Mic Gunderson, an EMS1 columnist, occasionally receives questions from EMS leaders who find themselves in the design and improvement of systems about which he writes. The following is a question Gunderson received from a reader and is happy to answer.
Question: “How would someone evaluate the value when looking at the costs of more frequent 911 transports and responses, such as calls related to alcohol, mental health or poorly managed chronic illness?”
— Elsie Kusel, prehospital care coordinator in Alameda County and a paramedic in San Joaquin County.
Response: The key thing to remember about value measurement, as opposed to subjective impressions of value, is that you want to try to have a number that reflects on what a service costs (in money, resources, etc.) to deliver; and another number that reflects on what was received or changed.
The cost factor goes in the denominator and the benefit/change goes in the numerator.
The numbers need to be formatted in way that the number in the denominator gets larger when the cost and resource use is larger.

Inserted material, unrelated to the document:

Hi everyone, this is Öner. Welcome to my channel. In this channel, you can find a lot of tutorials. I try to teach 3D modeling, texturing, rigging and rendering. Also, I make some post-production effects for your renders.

Similarly, the number in the numerator needs to get larger when there is a positive change and gets smaller if the benefit is less.

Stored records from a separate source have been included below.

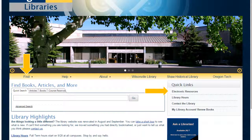We're going to start off on the Oregon Tech Library homepage. On the left-hand side, you could mouse over Find and click on Electronic Resources to find MEDLINE. Or, on the right-hand side of the page, under the Quick Links, you can click on Electronic Resources. Both links go to the same page.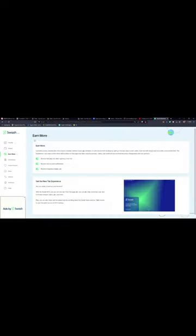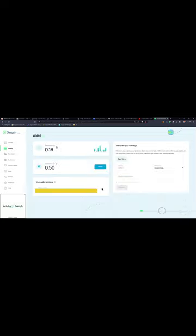Swatch is a new cryptoassets project relying on two main features. First of all, S-Ads, also known as SwatchAds, allows you to manage your data and earn some Swatch tokens thanks to it. It's a good way to use your data because in all cases they will be sold by Google.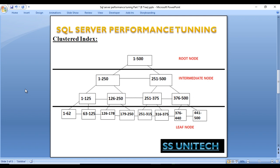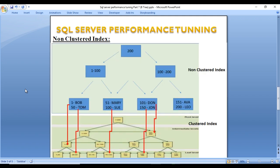Let's move to the next slide to understand how data is stored once we create a non-clustered index. This is our non-clustered index. As we can see in the image, this is our clustered index — it has a root node, intermediate node, and leaf-level node. Once we create the non-clustered index, it arranges the data in a Btree as well, but it is separate from the table. So this is our table, and this is our non-clustered index.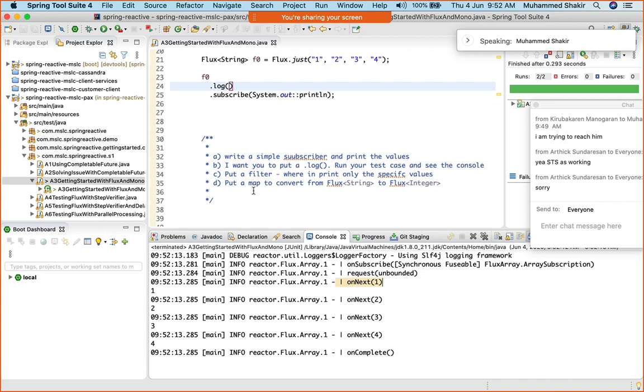Once the publisher has finished sending all the data, it finally fires on complete. One of the participants yesterday had asked a question about how the publisher knows how many elements there are.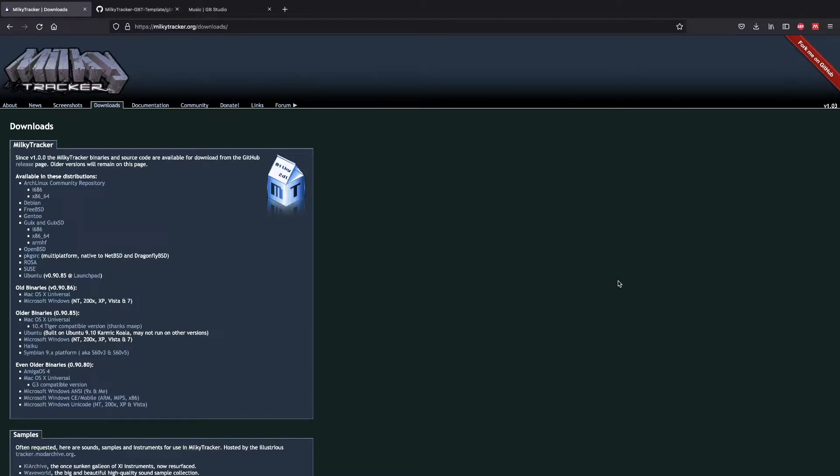Hello, it's Ben here and welcome to this tutorial on how to make music for GB Studio using software called MilkyTracker.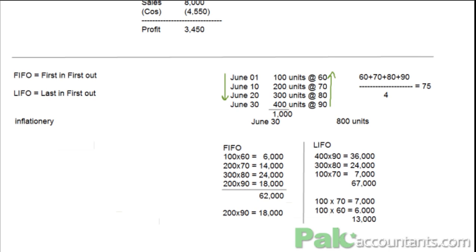We do have a lot of other techniques, like HIFO — highest in first out — that is also a technique. Then we can also have next in first out, where you will be using the rate for which you still haven't bought anything. LIFO is just another name for the market price method. As I said, we have a lot of methods, but the ones we should be studying for ME2 are just FIFO, LIFO, and AFCO. If you are interested in learning the other ones, we'll do it in some other free time.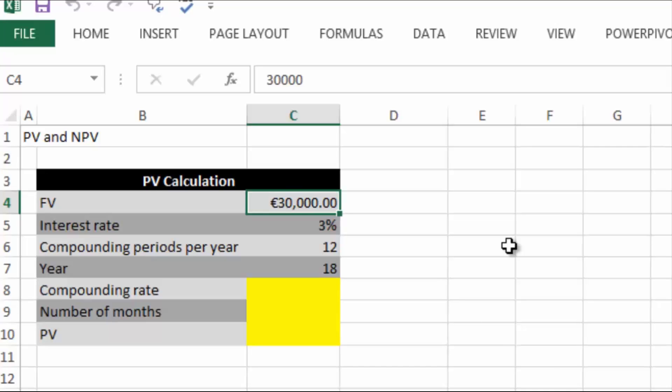We go down to our bank and we tell them we're going to need 30,000 euro in 18 years time. The bank will do their calculations and come back and say, well, I can give you an interest rate of 3% and I can compound over 12 periods per year, but you're going to have to give me a lump sum now. So how much is that lump sum? Well, you can use the present value calculation to work that out.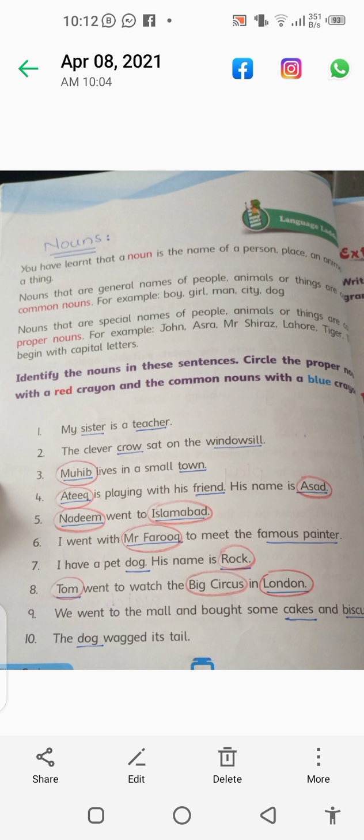We went to the mall and bought some cakes and biscuits. Mall can also be underlined — since the name of the mall is not given, it is a common noun. Cakes and biscuits are both common nouns. The dog wagged its tail. Dog is a common noun, and tail can also be a common noun.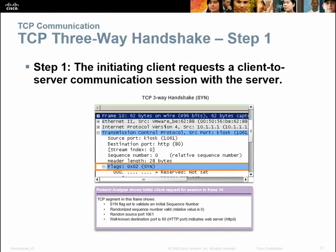When we look at this in Wireshark, we can see the TCP here and the port — it's on port 1061. The destination port is port 80, so they're pulling an HTTP connection, and it's going to come back in on port 1061.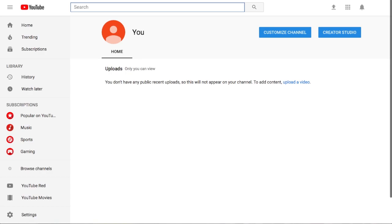And once you select create, it's going to bring us back to YouTube and we have our new channel created.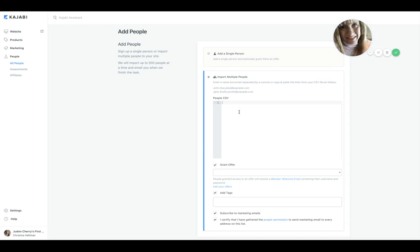Okay, and let's just do one. So let's do me—you would go in here, and the syntax is to put the first name and last name with no comma: Christina Haftman. And then comma, my email address, which is christina.haftman@gmail.com.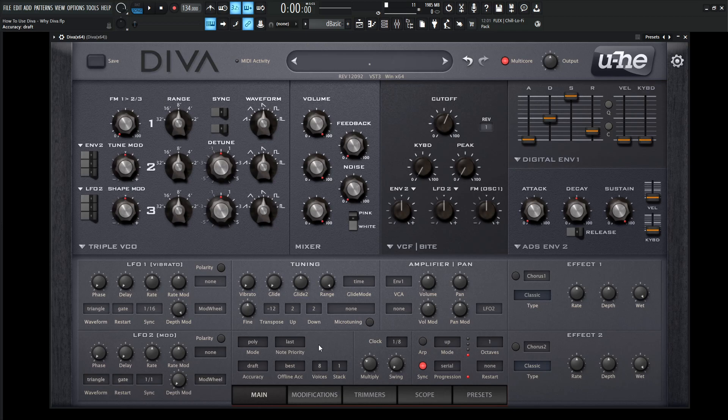So aside from that, this is basically an introduction showing us around a little bit. We're going to start getting more into the course and we're going to go over every module, knob, slider, all that kind of good stuff.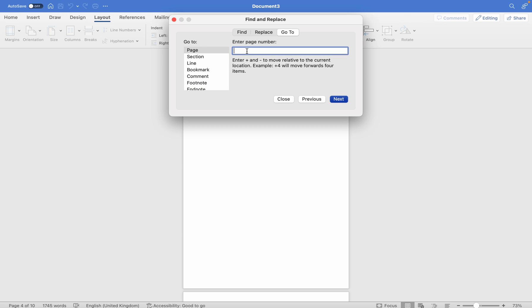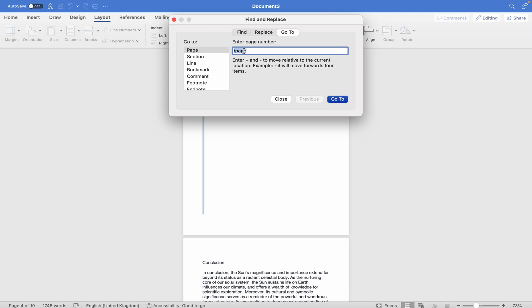Then type backslash page and click enter. Then select close.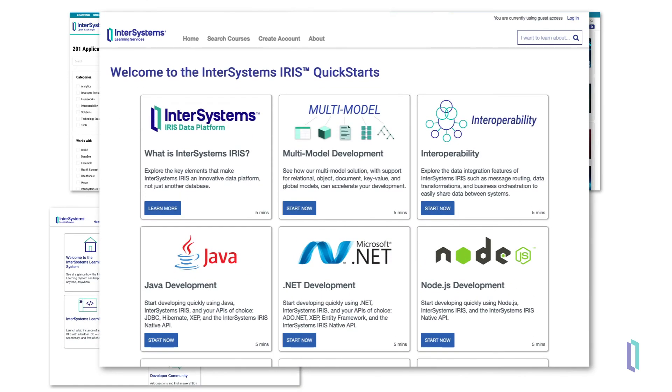Next, you can try InterSystems IRIS for Health firsthand by following along with the HL7 Quick Start.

In a value equation for the process of EMS care delivery to chronic inebriates, you might have something like this
Process Goal: Reduce the number of patients classified as chronic inebriates in a defined group of 500 individuals that were classified as chronic inebriate patients at the start of the program.

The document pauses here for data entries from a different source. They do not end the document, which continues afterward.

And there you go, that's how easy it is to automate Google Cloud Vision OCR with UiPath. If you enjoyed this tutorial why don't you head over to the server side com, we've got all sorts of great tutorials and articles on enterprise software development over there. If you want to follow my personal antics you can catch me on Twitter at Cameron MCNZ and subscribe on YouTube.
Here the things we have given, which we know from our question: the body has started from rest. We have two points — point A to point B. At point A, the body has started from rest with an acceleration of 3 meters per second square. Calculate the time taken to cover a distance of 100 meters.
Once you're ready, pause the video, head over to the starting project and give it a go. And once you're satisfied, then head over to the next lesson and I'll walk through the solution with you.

Numerator: Number of cases from a defined target population of 500 patients that are no longer classified as chronic inebriates is the numerator. Note: the numerator number will increase with a positive change.
Denominator: The denominator is the sum of the costs to deliver the intervention to the target population. It might include: (EMS unit hours spent in the calendar month on calls involving chronic inebriates x average ambulance or MIH unit hour cost as applicable) + (hours spent by social services staff delivering services to the target population x average cost of social service delivery) + costs of unscheduled ED visits + costs of medical clinic care
Using this numerator / denominator, you can compare the value of one strategy versus another. Perhaps one strategy is the status quo – chronic inebriates call 911, EMS responds and ED transport ensues. Compare that to a community paramedic program strategy coupled with an ED social worker intervention program.
Until you start bringing patients out of the chronic inebriate category, you’re not going to show value. The more patients that transition out of the chronic inebriate status, and the less it costs to make the change, the higher value quotient will be.
This is a rough example to demonstrate the general idea of how it works.